To help combat these feelings, here are therapist-verified tips to help beat the holiday blues:
- Validate Your Feelings. If you fight the thoughts and feelings or judge yourself for having them, then you increase your emotional upset. Acknowledge that you feel sad and allow yourself to feel that sadness. This builds resiliency that you can be present with the uncomfortable feeling of sadness. It also increases self-trust that you can name and acknowledge the feelings you are having—this is especially helpful if your feelings were dismissed or not seen as a child. For example, “I’m feeling really sad and lonely that I am not on good terms with my family. This feeling is valid. I don’t have to pretend it’s not there. I can feel this sadness and use my coping skills to get through it.”
- Pick a Coping Skill or Self Care Tool That is Most Useful for You. There are myriad coping strategies to deal with feelings of sadness, disappointment and loneliness. Pick a tool that best supports you and be sure to practice it throughout the holidays. Tools include journaling, focusing on what is right in your life and practicing gratitude for that, meditation, yoga, running, watching a funny show or movie, noticing your negative thoughts and reframing them. There is no one right tool so just pick one and try it out.

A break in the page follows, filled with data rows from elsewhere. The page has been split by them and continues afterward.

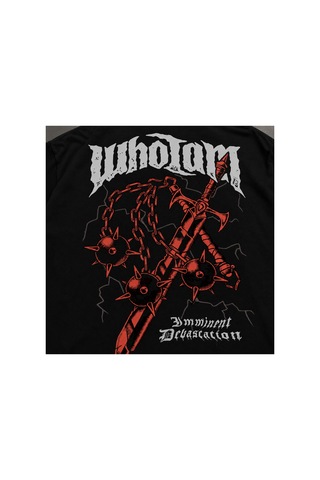 Yolo Street Siyah Whoıam Imminent Devastation Baskılı Oversize Erkek Tişört Heavy Metal Streetwear %100 Pamuk Siyah1a1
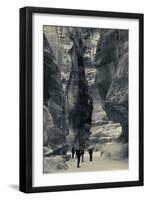 Tourists walking through the Siq, Petra, Wadi Musa, Jordan-null-Framed Photographic Print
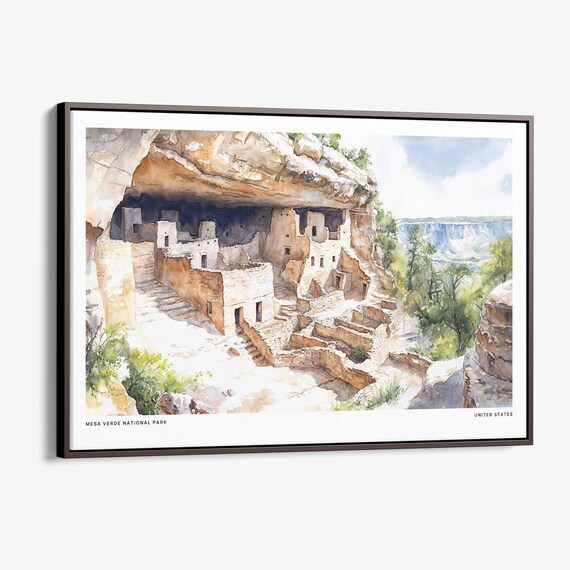 Mesa Verde National Park Watercolor Ancient Cliff Dwellings Poster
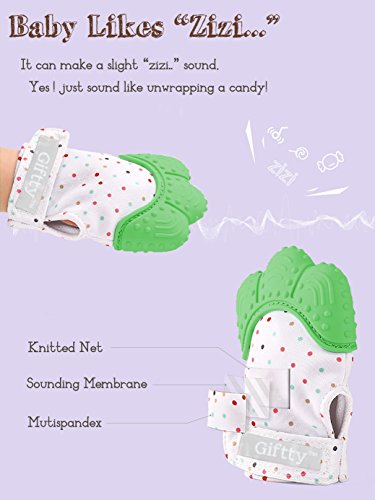 Baby Teething Mittens Self Soothing Pain Relief Mitt, Stimulating Teether Toy, Prevent Scratches Protection Glove with Travel Bag, Stay on Babyâ€˜s Hand, Unisex for 0-6 months Baby (2 Mittens - Green)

- Set Boundaries for Topics of Conversation. To maintain your peace of mind during the holidays, set boundaries with your family on what you are and are not comfortable discussing. If your older brother always comments on your weight, simply tell him, “I am not interested in discussing my weight. I’d rather hear about my nephew’s soccer game.” If your grandmother always nags you about being single and childless, share that this isn’t something that you are open to discussing with her but you’d love to share about your lovely foster cat. Setting and keeping your boundaries will help you to feel empowered over your situation instead of feeling like you have no say in the conversations happening around the dinner table.
- Temporarily Delete Social Media from Your Phone. For many people social media can be triggering. This is especially true during the holidays when your feed is filled with photos of other people connecting with their family around the dinner table or unwrapping presents in matching pajamas. This may make a person who is excluded from such family gatherings melancholy or jealous they aren’t having the same experience. Allow yourself to take a break from this type of content so you’re not adding on to your emotional burden. It can be as easy as deleting the app from your phone and reinstalling after the New Year.
- Make a Plan for How You’ll Tackle the Day. Schedule a FaceTime check in with a friend. Enjoy a free yoga session on YouTube. Whatever you decide, make a plan ahead of time and stick with it. Literally put each activity in your calendar. This will keep you accountable and prevent you from having nothing to do and slipping into worsening feelings of loneliness or engaging in poor habits.
- Schedule a Therapy Appointment. If you’re currently working with a therapist, be sure to schedule a session during this time. If you’re not in therapy yet, consider reaching out and getting additional professional support during the holidays.
- Be of Service to Others. You can always be a support to others who are less fortunate than you by reaching out and volunteering. Clean out your coat closet and take your old coats to a local shelter, choose a child’s name off of a local Giving Tree program and go shopping for the gift, foster a homeless cat or dog through a local rescue group. You could even host a holiday dinner for others who are also alone. Be of service to others while being in service to yourself.
Only you can decide what is the best direction for you to maintain peace, mental wellness, and happiness during the holidays and the rest of the year and it is your sole job to protect your peace and wellbeing.